Its shares were down 1.7 percent at $20.45 in early trading on the New York Stock Exchange.

Penney's got a boost from its expansion of exclusive, more profitable product lines and said those brands would help improve sales going forward.

It expects same-store sales to rise between 2 percent and 3 percent during the current quarter and said back-to-school sales were off to a good start.

Penney reported net income of $14 million, or 6 cents per share, for its second quarter ended July 31, compared to a loss of $1 million, or nil per share, a year earlier.

Overall sales fell 0.1 percent to $3.94 billion, with the drop attributable to the discontinuation of its Big Book catalogs. Internet sales were up 4 percent to $317 million during the quarter.

Analysts had been expecting a profit of 5 cents per share on sales of $4 billion, according to Thomson Reuters I/B/E/S.

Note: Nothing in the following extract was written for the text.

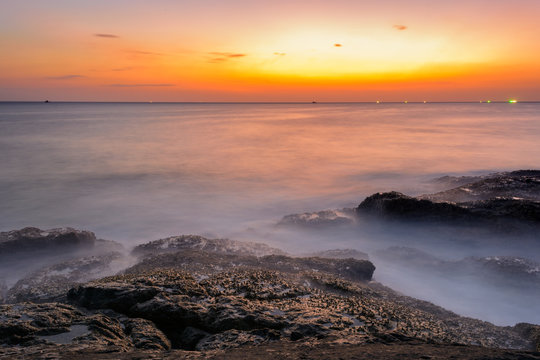 Long exposure seascape during blue hour sunset with rocks as foreground. Nature composition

Penney expects earnings in the current quarter of between 16 and 20 cents per share, below Wall Street forecasts of 24 cents.

Its full year 2010 profit forecast of $1.40 to $1.50 per share also fell short of estimates of $1.54 per share.

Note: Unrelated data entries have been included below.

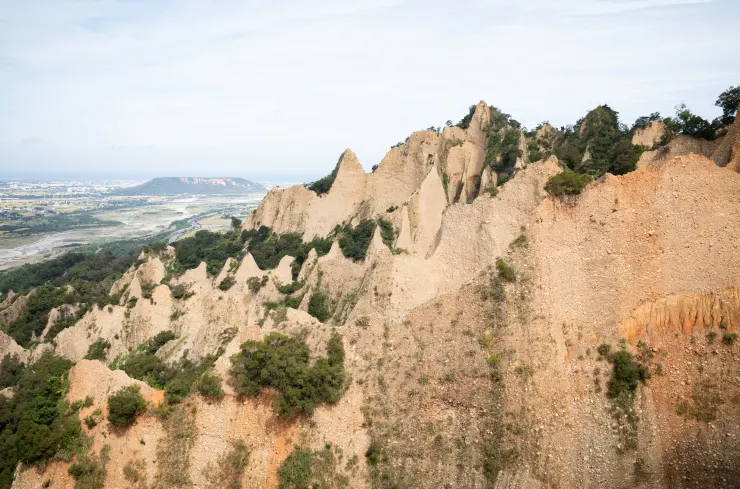 從火炎山猙獰的山壁遠眺大甲名山鐵砧山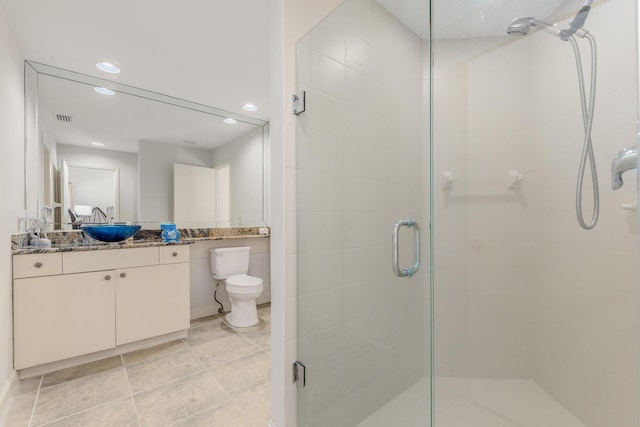 bathroom featuring a shower with door, vanity, and toilet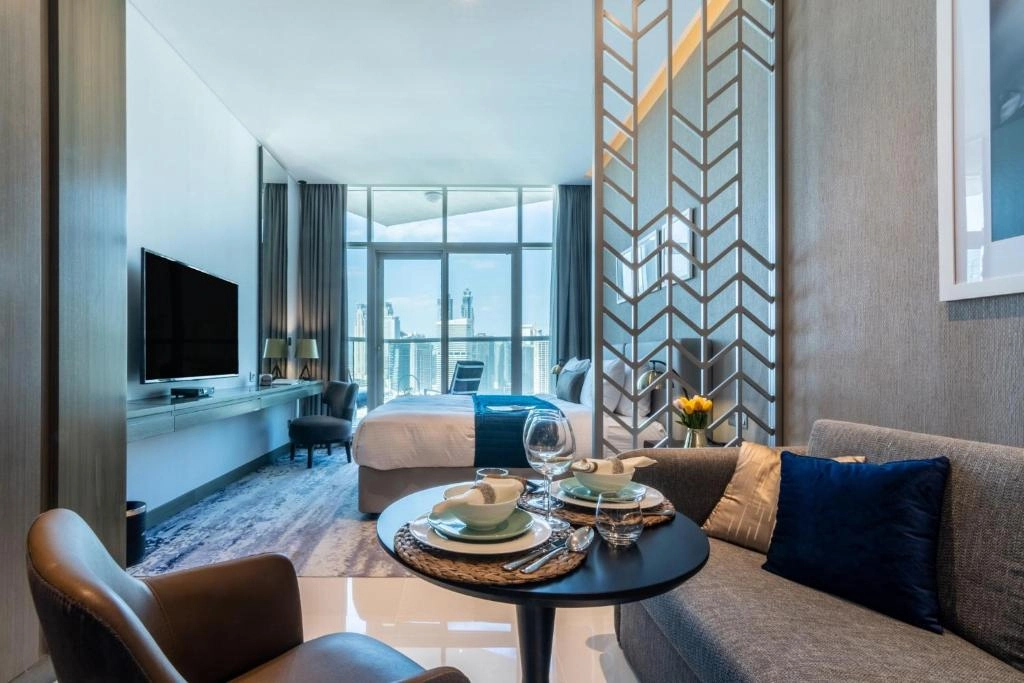 Modern studio apartment interior at Damac Maison Prive in Business Bay, Dubai, showing a well-equipped kitchenette, cozy sleeping area, and living space with large windows overlooking the city.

In another sign of tepid consumer demand, a government report showed U.S. retail sales rose in July, but attributed the gain to auto and gasoline sales rather than an improvement in underlying economic momentum.

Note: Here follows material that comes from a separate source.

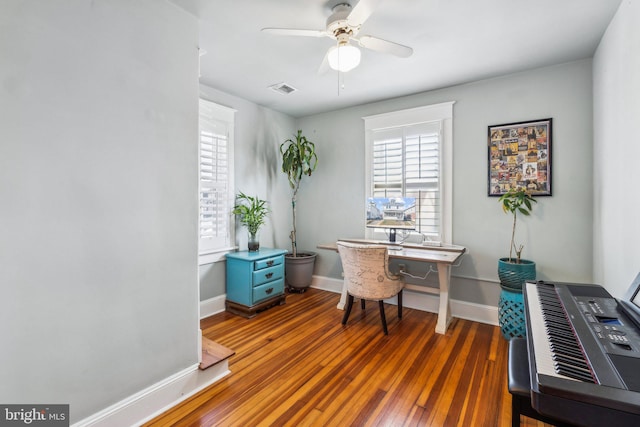 office featuring dark wood-type flooring and ceiling fan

Penney shares hit a year low earlier this week after rivals Macy's Inc and Kohl's reported strong results and said they were gaining share from other retail rivals.

Penney shares are down nearly 22 percent this year, while Macy's has gained 21 percent and Kohl's has shed 13.8 percent.

Analysts see Penney as particularly vulnerable to weak economic conditions since its shoppers tend to have a lower household income and are more likely to turn to discount chains and dollar stores when budgets are tight.

Last week, Penney reported an unexpected drop in same-store sales, or sales at stores open at least a year, in July as it slashed prices to lure shoppers. Chief Executive Myron Ullman said the spike in discounting was tactical and would have a short-term impact.

For the full quarter, Penney's same-store sales were up 0.9 percent, far below Kohl's 4.6 percent gain and Macy's 4.9 percent increase.

Dillard's Inc , which like Penney caters to a more frugal shopper than Macy's, reported flat same-store sales.

Last week, Penney became the exclusive retailer for Liz Claiborne's namesake brand. It will also open 16 more Sephora cosmetics shops at its stores, and will launch the fast-fashion MNG by Mango shop inside its stores.